DATA FOR ANALYSIS:

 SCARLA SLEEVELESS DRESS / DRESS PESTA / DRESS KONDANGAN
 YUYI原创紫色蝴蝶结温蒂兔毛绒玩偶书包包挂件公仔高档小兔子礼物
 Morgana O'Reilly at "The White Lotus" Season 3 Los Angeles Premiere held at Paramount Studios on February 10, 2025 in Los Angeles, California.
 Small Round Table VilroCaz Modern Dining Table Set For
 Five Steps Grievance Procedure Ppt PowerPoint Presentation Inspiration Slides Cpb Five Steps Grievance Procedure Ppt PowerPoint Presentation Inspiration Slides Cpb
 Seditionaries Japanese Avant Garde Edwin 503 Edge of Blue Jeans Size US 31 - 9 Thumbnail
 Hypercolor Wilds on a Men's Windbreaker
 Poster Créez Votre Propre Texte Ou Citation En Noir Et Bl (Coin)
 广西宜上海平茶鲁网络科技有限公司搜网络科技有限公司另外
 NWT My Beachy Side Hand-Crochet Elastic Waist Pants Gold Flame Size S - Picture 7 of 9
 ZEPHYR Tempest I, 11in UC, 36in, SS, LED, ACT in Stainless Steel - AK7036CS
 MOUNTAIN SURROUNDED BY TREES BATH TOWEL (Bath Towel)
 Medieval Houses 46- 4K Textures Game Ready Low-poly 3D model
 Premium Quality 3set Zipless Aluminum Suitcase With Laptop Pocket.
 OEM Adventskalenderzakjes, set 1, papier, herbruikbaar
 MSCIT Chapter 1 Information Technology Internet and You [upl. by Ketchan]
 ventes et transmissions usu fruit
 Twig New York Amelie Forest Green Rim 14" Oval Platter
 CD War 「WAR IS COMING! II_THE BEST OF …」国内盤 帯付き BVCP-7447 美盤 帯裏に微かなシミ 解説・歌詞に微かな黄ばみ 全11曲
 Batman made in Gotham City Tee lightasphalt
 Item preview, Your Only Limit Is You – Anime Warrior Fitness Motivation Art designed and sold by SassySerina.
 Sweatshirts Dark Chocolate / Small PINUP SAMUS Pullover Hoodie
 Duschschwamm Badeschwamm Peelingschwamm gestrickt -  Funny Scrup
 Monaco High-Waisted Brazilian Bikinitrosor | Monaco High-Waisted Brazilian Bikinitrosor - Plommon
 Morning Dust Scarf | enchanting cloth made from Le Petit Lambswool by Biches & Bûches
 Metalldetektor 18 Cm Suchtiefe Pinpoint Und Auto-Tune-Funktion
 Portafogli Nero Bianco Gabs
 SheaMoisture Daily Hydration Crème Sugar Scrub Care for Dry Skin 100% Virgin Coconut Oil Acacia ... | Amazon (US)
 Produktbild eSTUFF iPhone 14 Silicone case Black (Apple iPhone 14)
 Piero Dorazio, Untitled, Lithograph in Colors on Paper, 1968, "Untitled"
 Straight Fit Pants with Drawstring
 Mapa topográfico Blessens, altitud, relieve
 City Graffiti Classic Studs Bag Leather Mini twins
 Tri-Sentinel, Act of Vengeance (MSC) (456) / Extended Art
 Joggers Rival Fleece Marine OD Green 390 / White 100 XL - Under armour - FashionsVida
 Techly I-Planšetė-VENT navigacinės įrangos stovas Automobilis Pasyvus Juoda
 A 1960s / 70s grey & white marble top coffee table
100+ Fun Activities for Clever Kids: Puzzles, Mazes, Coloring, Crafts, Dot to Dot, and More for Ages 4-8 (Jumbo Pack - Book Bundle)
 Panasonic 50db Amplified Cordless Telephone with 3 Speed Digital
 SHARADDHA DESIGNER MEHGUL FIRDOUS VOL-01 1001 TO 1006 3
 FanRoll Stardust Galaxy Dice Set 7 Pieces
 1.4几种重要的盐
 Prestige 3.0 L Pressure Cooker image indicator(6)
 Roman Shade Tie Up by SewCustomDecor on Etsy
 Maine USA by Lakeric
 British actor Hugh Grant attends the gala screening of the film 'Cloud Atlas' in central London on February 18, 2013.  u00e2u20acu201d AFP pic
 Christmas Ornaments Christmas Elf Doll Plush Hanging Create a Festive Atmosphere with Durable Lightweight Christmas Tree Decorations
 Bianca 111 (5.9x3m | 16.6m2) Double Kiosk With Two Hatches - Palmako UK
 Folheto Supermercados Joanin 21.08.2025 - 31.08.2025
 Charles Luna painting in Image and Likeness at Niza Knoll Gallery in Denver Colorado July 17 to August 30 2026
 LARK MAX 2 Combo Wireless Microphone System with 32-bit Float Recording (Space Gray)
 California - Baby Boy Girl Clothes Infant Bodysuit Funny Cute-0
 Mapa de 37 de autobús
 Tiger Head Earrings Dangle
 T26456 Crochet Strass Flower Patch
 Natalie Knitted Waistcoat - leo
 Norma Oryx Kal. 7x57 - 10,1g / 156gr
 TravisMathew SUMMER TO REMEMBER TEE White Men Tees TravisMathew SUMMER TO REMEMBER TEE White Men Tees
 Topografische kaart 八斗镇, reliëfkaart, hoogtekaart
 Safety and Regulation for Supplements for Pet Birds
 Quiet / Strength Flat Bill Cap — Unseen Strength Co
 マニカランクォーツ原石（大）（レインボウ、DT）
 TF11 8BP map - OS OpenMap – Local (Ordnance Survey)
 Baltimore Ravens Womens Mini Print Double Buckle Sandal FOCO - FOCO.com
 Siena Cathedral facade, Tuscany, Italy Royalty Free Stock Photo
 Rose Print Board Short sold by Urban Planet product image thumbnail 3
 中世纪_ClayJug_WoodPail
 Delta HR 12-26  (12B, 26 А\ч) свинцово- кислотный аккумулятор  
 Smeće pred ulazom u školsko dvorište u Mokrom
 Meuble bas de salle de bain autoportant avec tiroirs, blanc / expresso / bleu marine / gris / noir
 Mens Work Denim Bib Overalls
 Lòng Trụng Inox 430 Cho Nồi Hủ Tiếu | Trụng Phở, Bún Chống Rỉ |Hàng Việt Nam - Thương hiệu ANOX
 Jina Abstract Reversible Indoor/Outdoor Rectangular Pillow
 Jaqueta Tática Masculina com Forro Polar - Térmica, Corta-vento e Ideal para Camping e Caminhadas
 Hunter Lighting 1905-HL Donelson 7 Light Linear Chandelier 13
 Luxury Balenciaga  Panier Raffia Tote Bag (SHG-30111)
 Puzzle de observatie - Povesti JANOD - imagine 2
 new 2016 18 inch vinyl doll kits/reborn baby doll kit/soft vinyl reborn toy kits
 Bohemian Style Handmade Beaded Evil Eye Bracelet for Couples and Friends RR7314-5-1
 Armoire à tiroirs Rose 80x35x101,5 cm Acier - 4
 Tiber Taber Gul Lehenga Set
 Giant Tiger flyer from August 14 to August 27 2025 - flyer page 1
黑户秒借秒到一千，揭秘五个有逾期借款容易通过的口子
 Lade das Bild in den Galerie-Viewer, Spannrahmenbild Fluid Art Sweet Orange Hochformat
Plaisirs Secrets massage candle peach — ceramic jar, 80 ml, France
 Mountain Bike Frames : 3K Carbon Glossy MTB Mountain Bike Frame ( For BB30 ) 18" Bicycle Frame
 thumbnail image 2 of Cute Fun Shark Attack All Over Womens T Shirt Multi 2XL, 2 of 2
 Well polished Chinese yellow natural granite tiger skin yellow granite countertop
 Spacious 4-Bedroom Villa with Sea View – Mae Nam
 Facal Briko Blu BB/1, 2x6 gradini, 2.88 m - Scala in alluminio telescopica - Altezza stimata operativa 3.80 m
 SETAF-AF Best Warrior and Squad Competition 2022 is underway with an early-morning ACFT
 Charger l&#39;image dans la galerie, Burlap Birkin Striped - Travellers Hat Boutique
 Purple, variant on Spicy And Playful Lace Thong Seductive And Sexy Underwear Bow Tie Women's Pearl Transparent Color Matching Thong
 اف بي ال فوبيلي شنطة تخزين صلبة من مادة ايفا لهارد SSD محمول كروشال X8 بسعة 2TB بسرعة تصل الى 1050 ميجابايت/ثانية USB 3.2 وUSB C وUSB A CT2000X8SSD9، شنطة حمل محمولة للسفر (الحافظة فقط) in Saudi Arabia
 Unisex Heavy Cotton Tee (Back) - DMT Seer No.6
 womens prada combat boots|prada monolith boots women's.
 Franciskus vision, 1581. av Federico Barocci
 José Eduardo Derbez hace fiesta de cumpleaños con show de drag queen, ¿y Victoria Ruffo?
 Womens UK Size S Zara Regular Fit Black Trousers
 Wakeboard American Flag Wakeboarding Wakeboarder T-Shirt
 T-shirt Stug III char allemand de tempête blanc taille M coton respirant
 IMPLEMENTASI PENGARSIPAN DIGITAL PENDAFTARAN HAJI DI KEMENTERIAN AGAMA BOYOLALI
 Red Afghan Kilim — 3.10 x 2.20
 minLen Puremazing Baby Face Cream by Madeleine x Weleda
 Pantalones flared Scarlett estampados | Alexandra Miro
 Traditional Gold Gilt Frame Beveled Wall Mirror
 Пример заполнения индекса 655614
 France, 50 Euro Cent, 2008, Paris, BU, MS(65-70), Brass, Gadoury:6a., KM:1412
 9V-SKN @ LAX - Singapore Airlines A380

REQUIREMENT: Look above for the line holding "Tiber Taber Gul Lehenga Set". Print it and every line after it, exactly, through the line holding "Plaisirs Secrets massage".

SOLUTION TO THIS EXERCISE:
 Tiber Taber Gul Lehenga Set
 Giant Tiger flyer from August 14 to August 27 2025 - flyer page 1
黑户秒借秒到一千，揭秘五个有逾期借款容易通过的口子
 Lade das Bild in den Galerie-Viewer, Spannrahmenbild Fluid Art Sweet Orange Hochformat
Plaisirs Secrets massage candle peach — ceramic jar, 80 ml, France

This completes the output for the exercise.